Z ust ich matki padły dwa słowa, których ostatnio zdecydowanie nadużywała ,,Do łóżek.'', oznaczało to koniec awantury, ale niestety tylko na parę godzin. Po śniadaniu dostaną jakże uroczyste zaproszenie do wspomnianego wcześniej gabinetu.

Bardzo powoli ruszyli na górę, jak pięcioletnie dzieci, które właśnie dostały szlaban. Cóż, właściwie ta wersja niedaleka jest od prawdy, poza jedną szczególnie ważną różnicą, oczywiście.

***

Kilka kilometrów dalej, w nieco mniejszym domu, właśnie trwała okropna awantura. Valentina Torrez, dobra uczennica z bardzo religijnymi rodzicami właśnie zakrywała twarz dłońmi, po pierwsze, żeby nie widać było jej łez, a po drugie, żeby znów nie dostała w twarz od ojca. Był nerwowy, bardzo, ale wciąż była córeczką tatusia, więc nie zrobiłby jej krzywdy. Nie zrobiłby, prawda?

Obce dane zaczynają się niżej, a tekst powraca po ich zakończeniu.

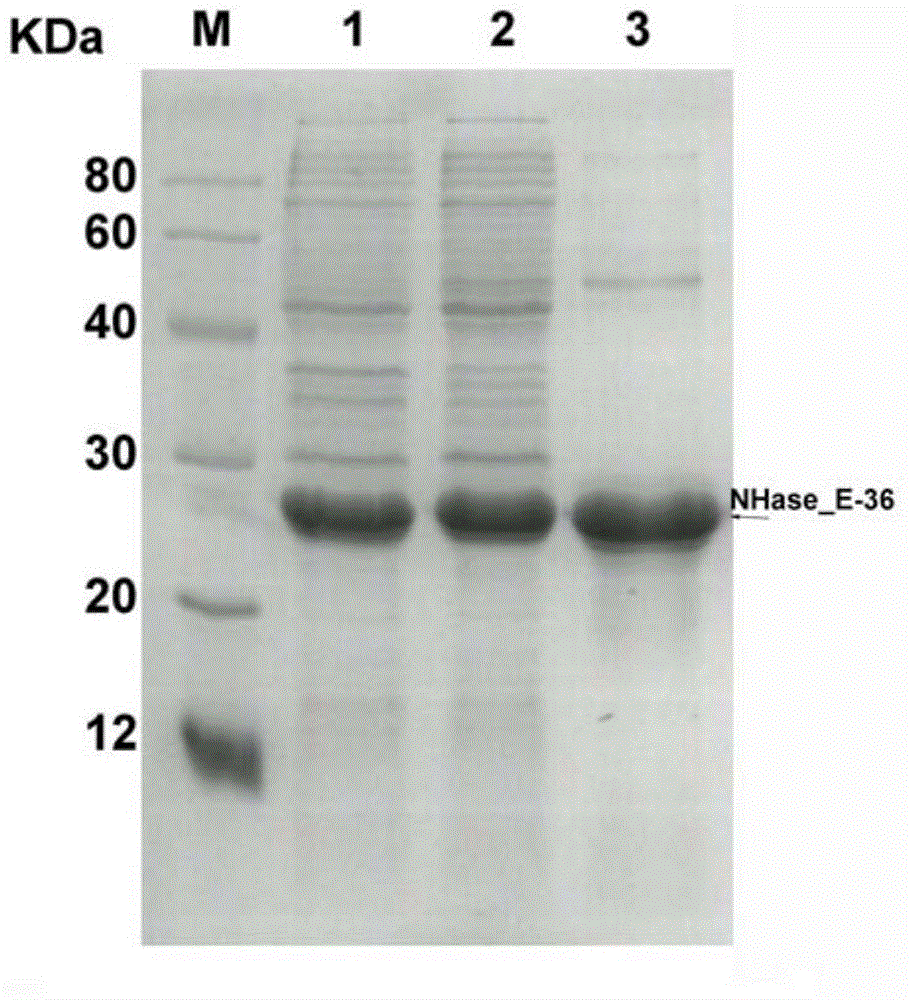 Nitrile hydratase gene, encoded enzyme, vector, engineering bacterium as well as application of engineering bacterium to preparation of amide compound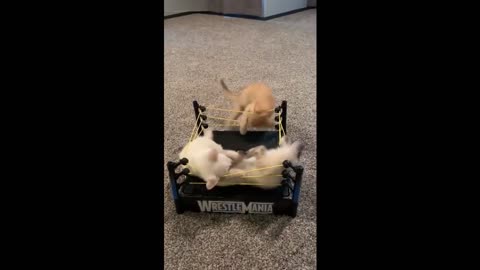 😸 🥊 Viral VIDEO 🥊 😺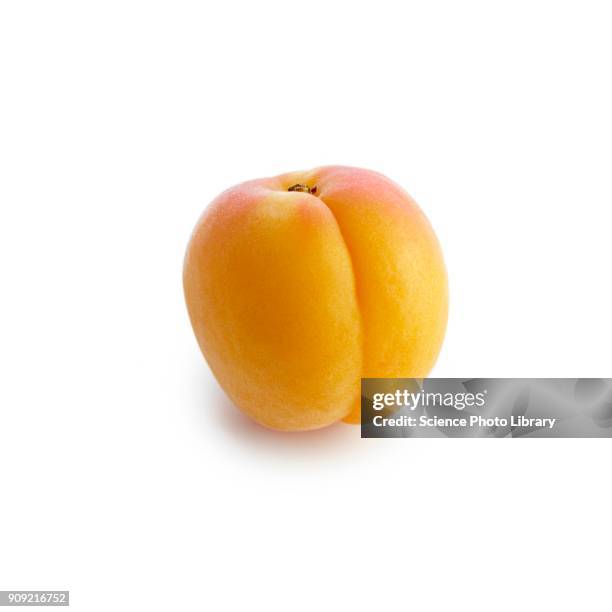 apricot - albaricoque fotografías e imágenes de stock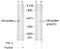 NFKB Inhibitor Epsilon antibody, AP02784PU-S, Origene, Western Blot image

Bynajmniej nie taką, którą byłoby widać.

W tym czasie matka dziewczyny stała w kącie z miną wyrażającą przerażenie, smutek oraz złość jednocześnie, ale nigdy nie sprzeciwiłaby się mężowi. Oczywiście, Alexander Torrez stanowił głowę rodziny i nieważne jak bardzo jego czyny nie podobają się Jasmine, ona i tak nie odważy się zwrócić uwagi mężczyźnie. Głównie, żeby nie podzielić losu Valentiny, przecież nikt nie lubi być okładany pięściami.

Ale jest w porządku, za kilkanaście minut wszystko wróci do przykładu idealnej, religijnej rodziny, którą przecież byli, kilka razy nawet Jasmine w lokalnej gazecie pojawiała się jako idealna pani domu, z której można brać przykład. W tej rodzinie nie ma miejsca na błędy, a już na pewno nie ma miejsca na wymykanie się z domu po osiemnastej.